Cedars-Sinai Chosen for Pancreatic Cancer Trials

This image shows irregular glands (arrows) infiltrating into pancreatic tissue. These glands characterize pancreatic ductal adenocarcinoma, a type of pancreatic cancer.

Cedars-Sinai has been selected to be one of 12 initial clinical trial sites that aim to fast-track development of potential treatments for pancreatic cancer patients. The first-of-its-kind national effort, in which Cedars-Sinai is taking a leading role, is designed to dramatically speed up the clinical trial process.

The project, spearheaded by the Pancreatic Cancer Action Network — a nonprofit that advances research and supports patients with pancreatic cancer — is using a collaborative and cooperative approach to clinical trials. This method is a departure from the typical process, in which study results are fragmented among various institutions and new drugs and treatments take longer to move from the laboratory bench to the bedside.

"This unique, multiyear effort will bring together cancer centers, researchers and drug developers, providing our patients with the best clinical trial options at warp speed," said Andrew E. Hendifar, MD, co-director of Pancreas Oncology and medical oncology lead for the Gastrointestinal Disease Research Group at Cedars-Sinai.

Beginning in spring 2017, researchers at the 12 sites will conduct sub-studies on several treatment options. Each study will fall under a clinical trial design that uses an individualized treatment approach based on the molecular profile of a patient and the patient's tumor.

Genetic data and clinical trial results from all the sites will be analyzed together so that scientific findings can be distributed quickly to researchers, helping them match a sub-study to a patient’s individual needs. Once in treatment, patients will be closely monitored and will have follow-up analyses to help researchers understand how well each treatment is working in real time.

Andrew E. Hendifar, MD

Richard Tuli, MD, PhD

Sub-studies can be added for newly discovered biomarkers and treatment approaches as the project progresses, allowing the scientists to learn which patients will benefit most from the new developments. Patients can quickly shift from one option to another.

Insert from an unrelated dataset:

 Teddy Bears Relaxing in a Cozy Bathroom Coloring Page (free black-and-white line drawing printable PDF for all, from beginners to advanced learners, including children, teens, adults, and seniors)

"We believe that this patient-centric approach will change the future of pancreatic cancer care," said Hendifar, an assistant professor of Medicine.

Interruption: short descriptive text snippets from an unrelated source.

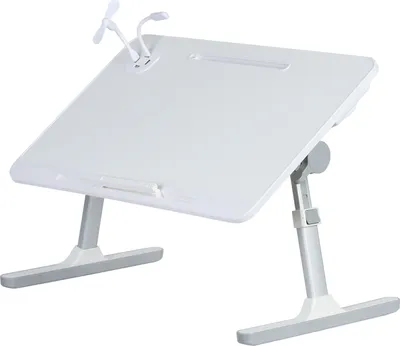 A white laptop bed table with adjustable legs, a built-in fan, and a light.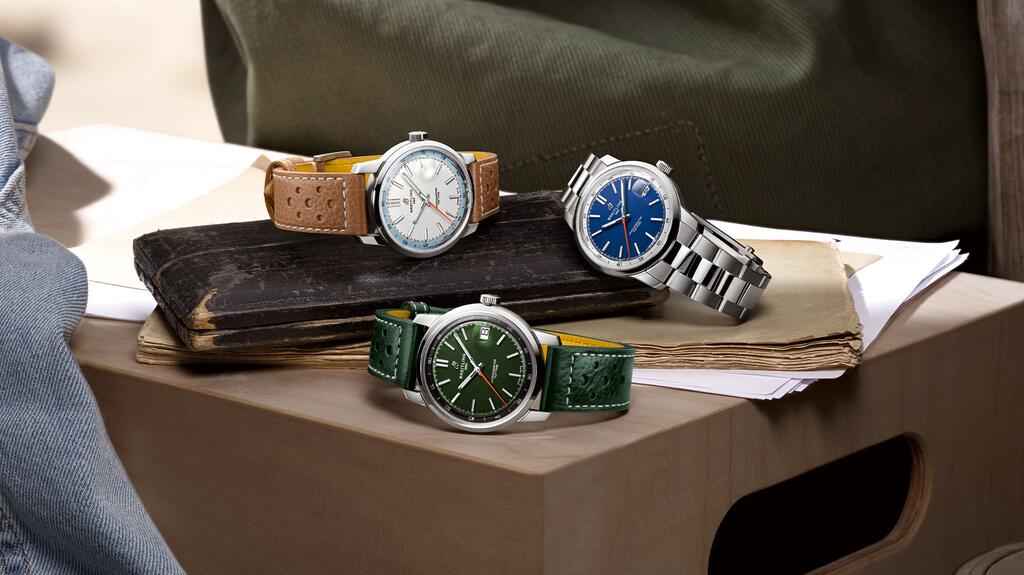 Breitling’s “Top Time B31” collection includes three dial designs along with a blue (not seen here), green, or beige racing-themed calfskin leather strap or stainless-steel bracelet ($5,600 for leather strap, $5,900 or stainless-steel bracelet) Breitling Top Time B13 Watch Collection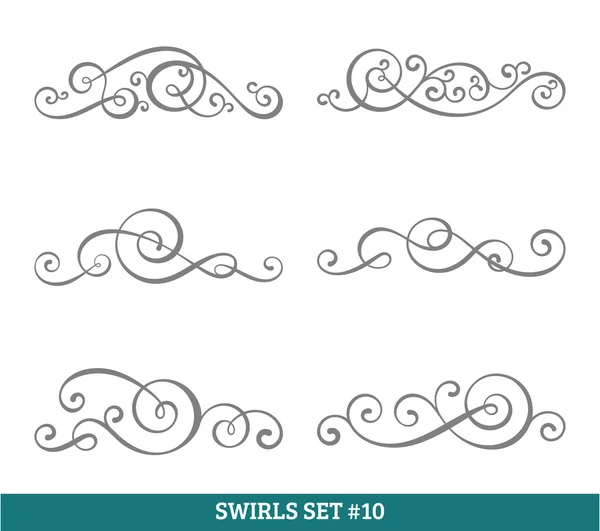 Calligraphic swirls collection — Stock Vector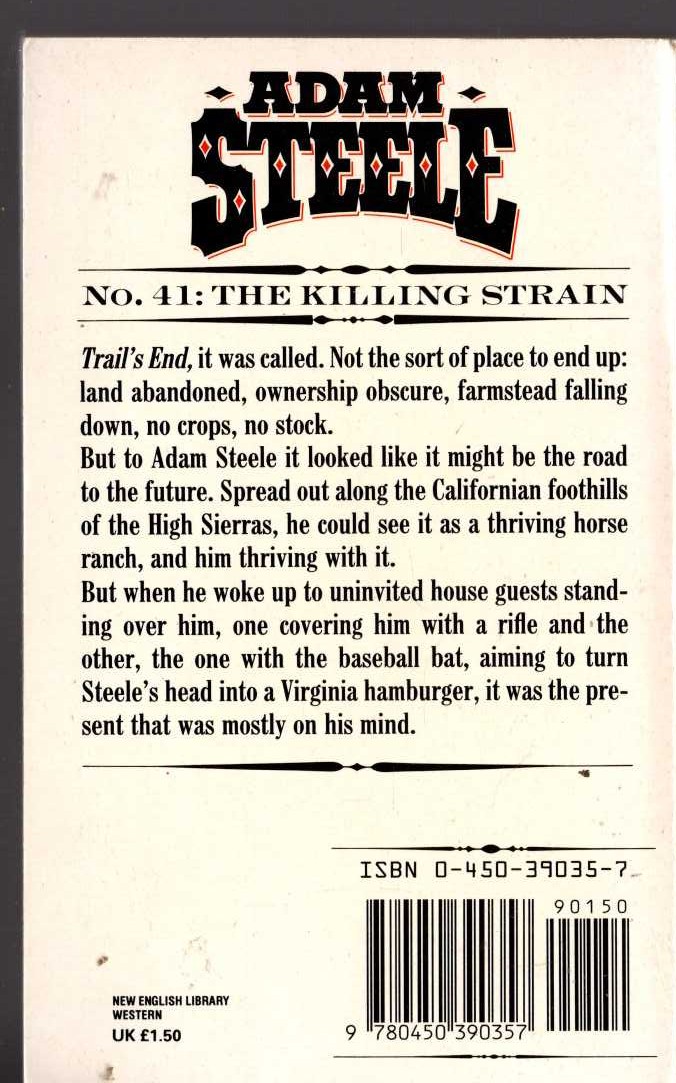 George G. Gilman  ADAM STEELE 41: THE KILLING STRAIN magnified rear book cover image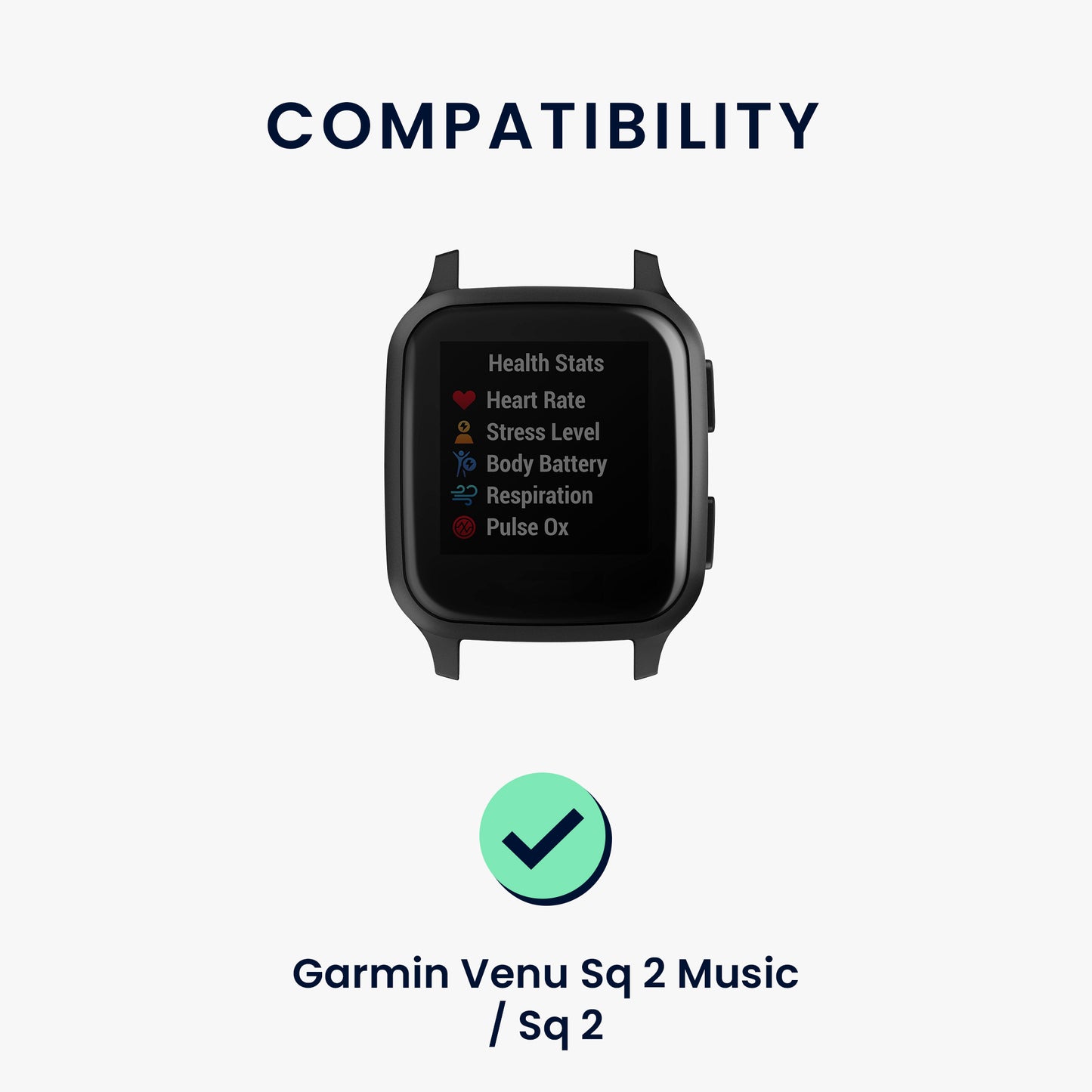 kwmobile Strap compatible with Garmin Venu Sq 2 Music / Sq 2 / Vivoactive 6 / Vivoactive 5 - Fitness Tracker Sport Band - Inner dimensions of 17 cm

The disease is the third-leading cause of cancer-related deaths in the United States — killing more people than breast cancer — with a five-year survival rate of only 8 percent, according to the Pancreatic Cancer Action Network.

Hendifar and Richard Tuli, MD, PhD, an attending radiation oncologist, co-director of Pancreas Oncology and associate professor in the Department of Radiation Oncology, will serve as the primary Cedars-Sinai investigators. They will be responsible for designing and conducting the clinical trial studies, which involves selecting participants, reporting treatment side effects, gathering and reporting data, and publishing their results.

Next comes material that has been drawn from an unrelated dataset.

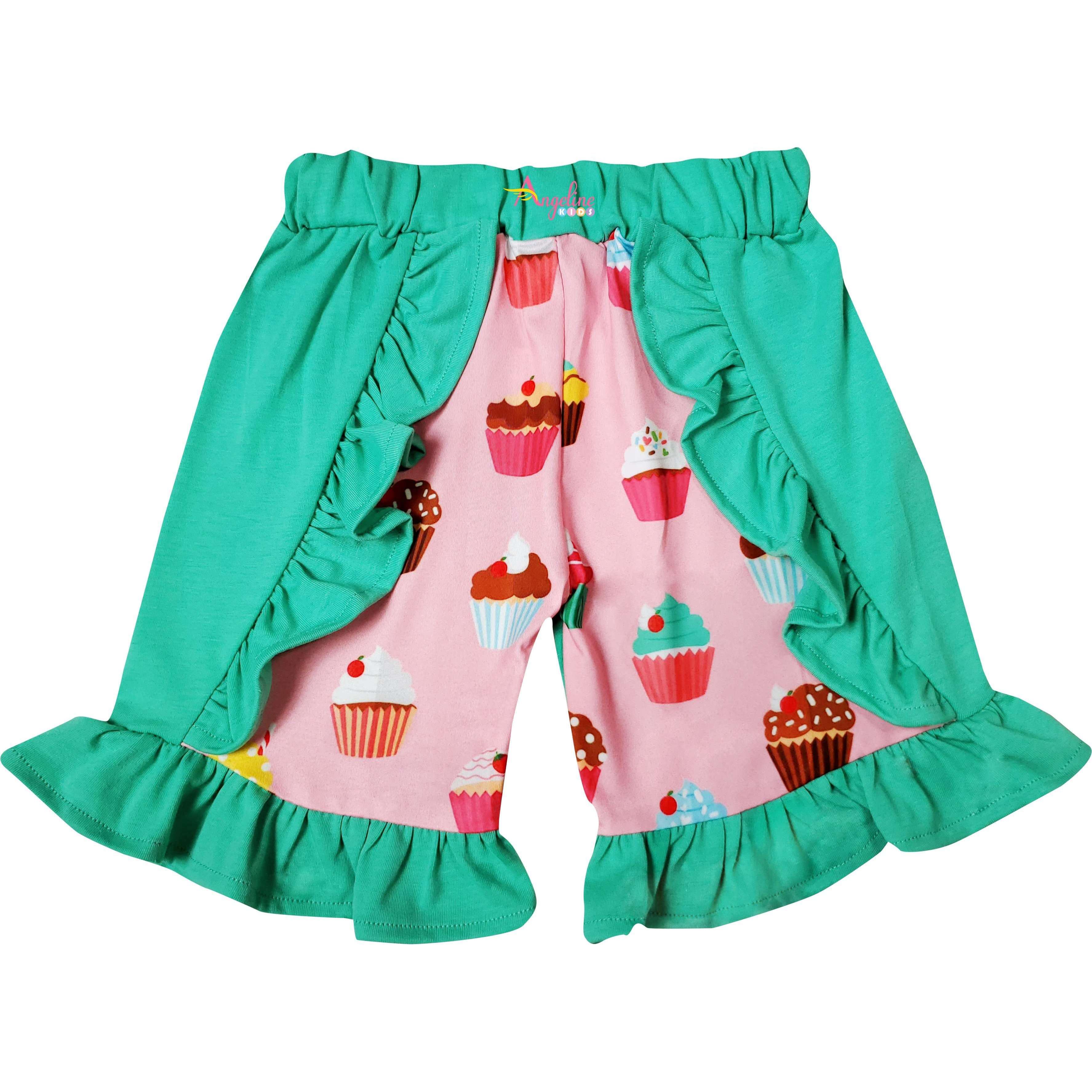 Angeline Kids:Baby Toddler Little Girls I Love Cupcake Ruffle Top Short Set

The 12 clinical trial sites were selected through a competitive, peer-reviewed process. In addition to Cedars-Sinai, the sites are the Dana-Farber/Harvard Cancer Center; the Fred Hutchinson Cancer Research Center/Seattle Cancer Care Alliance/University of Washington; the Memorial Sloan Kettering Cancer Center; the University of California, San Francisco; the University of California, San Diego; the University of Chicago; the University of Florida; the University of Michigan; the University of Pennsylvania; Virginia Mason Medical Center; and Washington University.

"We are incredibly excited to be joining world leaders in pancreatic cancer science and treatment to revolutionize our approach to clinical trials for this disease," Hendifar said. "It’s good for science and good for patients."